APPEAL from the Circuit Court of Logan County; the Hon. JOHN T. McCULLOUGH, Judge, presiding.


Rehearing denied July 22, 1975.

The defendant appeals from a judgment entered on the jury verdict against her and in favor of the plaintiff for the wrongful death of plaintiff's intestate, a 4-year-old child who died shortly after being struck by the defendant's car. The issues before us are: (1) Whether the trial court erred in failing to grant defendant's motions for a directed verdict and judgment notwithstanding the verdict because defendant was not guilty of negligence as a matter of law; (2) whether the trial court erred in refusing to give defendant's instruction pertaining to alleged contributory negligence of the deceased child's mother; and (3) whether the trial court improperly failed to grant defendant's motion for a mistrial when plaintiff's counsel made remarks in his closing argument allegedly implying to the jury that insurance was available to relieve whatever obligation might be placed on defendant.

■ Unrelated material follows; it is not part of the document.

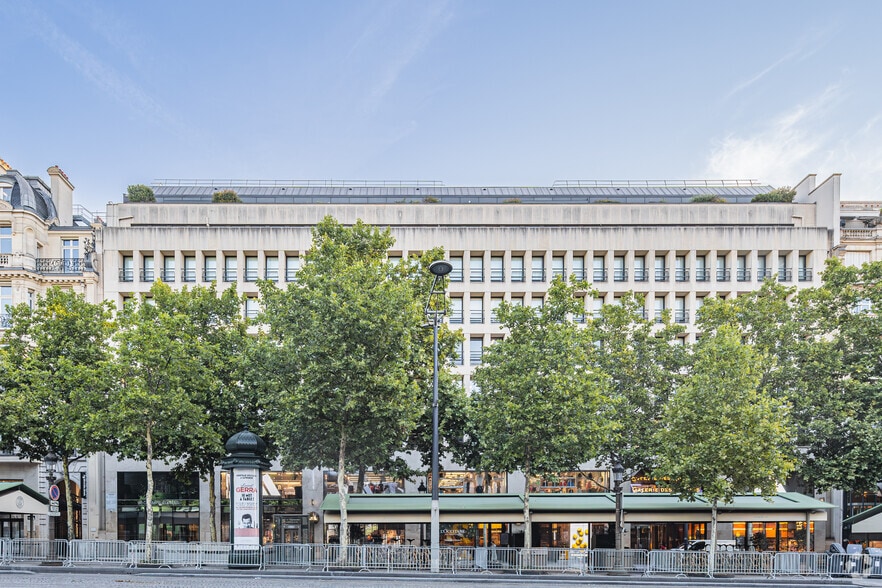 82-90 Avenue Des Champs Elysées, Paris for lease - Building Photo - Image 3 of 9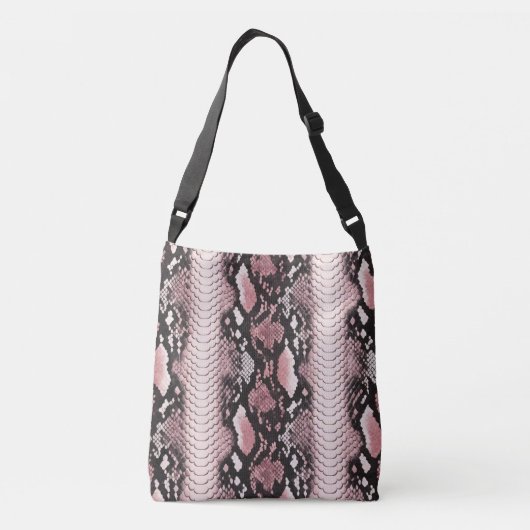 Raven Crossbody Tasche (Rückseite)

The defendant contends that her motion for a directed verdict should have been granted or judgment notwithstanding the verdict entered because she was not guilty of negligence as a matter of law. Defendant's reasoning is that there was no evidence that she was violating the speed limit or any traffic law, she never saw the child prior to impact, nor was she even aware of the accident until her passenger told her, so, while a very unfortunate accident occurred, there was no act on her part from which a jury could find negligence so as to make her liable for the death of the child.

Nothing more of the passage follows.